But that only moves the question to: what is a p-value?

You might have heard of or seen papers and studies that say that a conclusion was reached with p < 0.05. The intuition behind the p-value is that you take some test statistic (such as the $\chi^2$) and you figure out what the probability that, on the null hypothesis, that test statistic would have a result at least as extreme (i.e. different from expected) as the one observed is. Therefore, in an experiment with for instance one degree of freedom (such as the tossing of a coin), values of $\chi^2$ greater than approximately 4 have a probability less than 5% of being observed.

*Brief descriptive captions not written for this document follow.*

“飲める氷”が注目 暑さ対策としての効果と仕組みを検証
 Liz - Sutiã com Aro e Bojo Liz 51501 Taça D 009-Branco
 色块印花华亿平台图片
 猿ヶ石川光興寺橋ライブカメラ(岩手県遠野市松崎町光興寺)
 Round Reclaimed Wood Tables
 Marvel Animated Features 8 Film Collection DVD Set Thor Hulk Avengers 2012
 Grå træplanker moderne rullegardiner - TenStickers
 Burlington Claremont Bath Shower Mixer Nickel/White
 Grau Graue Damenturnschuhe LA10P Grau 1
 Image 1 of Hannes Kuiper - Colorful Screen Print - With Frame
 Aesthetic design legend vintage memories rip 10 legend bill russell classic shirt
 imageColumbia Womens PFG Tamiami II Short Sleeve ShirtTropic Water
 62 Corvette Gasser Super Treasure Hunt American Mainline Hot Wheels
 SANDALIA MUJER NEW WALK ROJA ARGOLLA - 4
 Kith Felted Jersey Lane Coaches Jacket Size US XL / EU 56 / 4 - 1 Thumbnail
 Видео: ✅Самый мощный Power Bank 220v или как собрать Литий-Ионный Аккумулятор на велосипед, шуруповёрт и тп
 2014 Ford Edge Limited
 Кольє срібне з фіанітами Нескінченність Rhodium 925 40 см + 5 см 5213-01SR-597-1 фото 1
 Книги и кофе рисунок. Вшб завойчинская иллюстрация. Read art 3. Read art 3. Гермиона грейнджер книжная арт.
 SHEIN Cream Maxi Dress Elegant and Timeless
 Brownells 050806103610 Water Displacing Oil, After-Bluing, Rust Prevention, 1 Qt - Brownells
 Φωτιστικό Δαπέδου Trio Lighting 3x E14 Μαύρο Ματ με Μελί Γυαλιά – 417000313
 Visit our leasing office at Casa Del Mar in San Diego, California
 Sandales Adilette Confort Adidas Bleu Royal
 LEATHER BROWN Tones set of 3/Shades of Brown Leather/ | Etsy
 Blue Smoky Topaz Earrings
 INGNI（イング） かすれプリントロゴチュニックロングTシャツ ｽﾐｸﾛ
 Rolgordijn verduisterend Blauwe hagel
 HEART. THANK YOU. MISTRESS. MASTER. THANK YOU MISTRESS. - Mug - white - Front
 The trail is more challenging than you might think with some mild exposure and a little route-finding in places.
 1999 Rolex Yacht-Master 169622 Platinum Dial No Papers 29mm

And what’s the point of this? Orthodox statistics holds that if the p-value for your chosen statistic is less than some arbitrary number, then you should reject whatever your “null hypothesis” is (one would suppose that in the case of a coin the null hypothesis says the coin is fair). And… that’s it. Orthodox statistics tells you that if, “on chance alone,” there’s a less than (say) 5% probability of observing what you did, you should mark the null hypothesis as false.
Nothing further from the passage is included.